TASK INPUTS section start

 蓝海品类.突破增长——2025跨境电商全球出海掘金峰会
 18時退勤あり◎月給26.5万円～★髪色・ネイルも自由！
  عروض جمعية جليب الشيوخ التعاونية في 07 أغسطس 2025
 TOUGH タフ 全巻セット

TASK INPUTS section end
TASK INPUTS section start

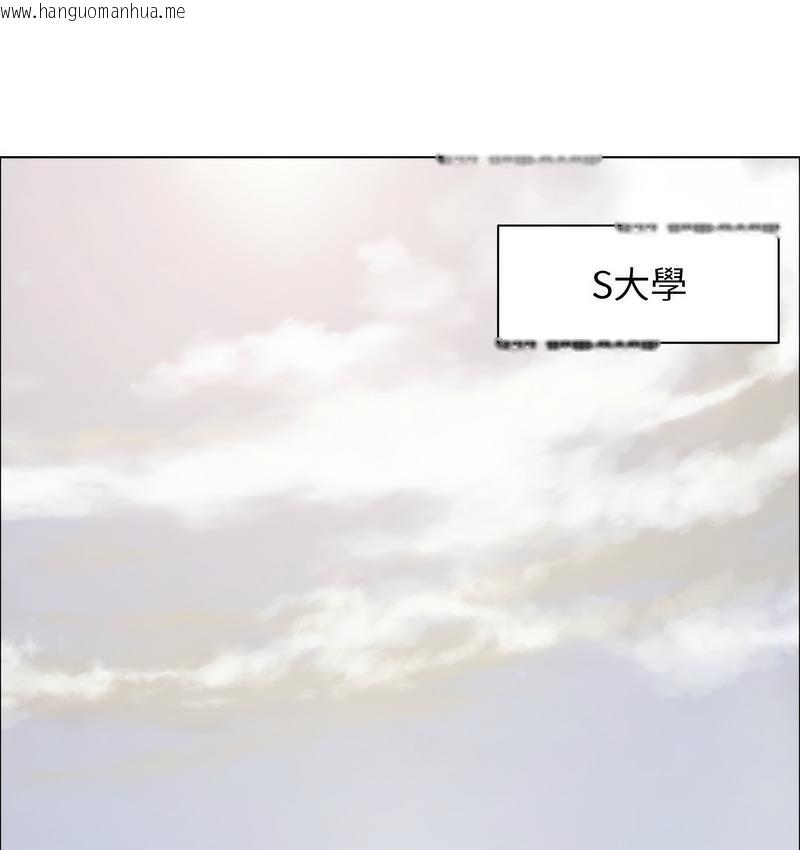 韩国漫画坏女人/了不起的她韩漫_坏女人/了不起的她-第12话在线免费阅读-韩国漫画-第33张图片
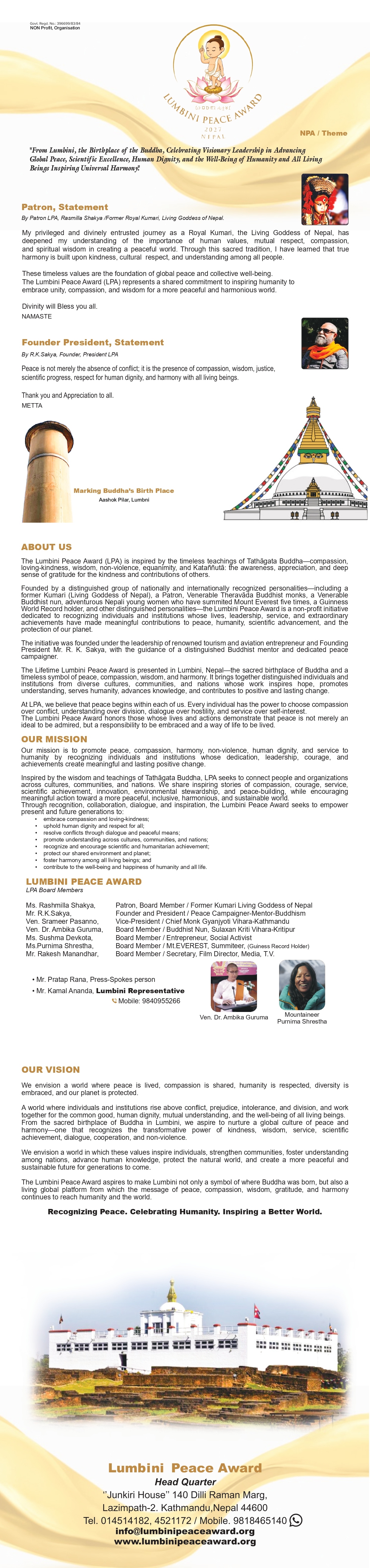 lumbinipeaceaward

TASK INPUTS section end

TASK TO COMPLETE
Will you return exactly the lines above from the one with "蓝海品类.突破增长——2025跨境电商全球出海掘金峰会" down to the one with "TOUGH タフ 全巻セット", counting both as part of the range?

TASK SOLUTION
 蓝海品类.突破增长——2025跨境电商全球出海掘金峰会
 18時退勤あり◎月給26.5万円～★髪色・ネイルも自由！
  عروض جمعية جليب الشيوخ التعاونية في 07 أغسطس 2025
 TOUGH タフ 全巻セット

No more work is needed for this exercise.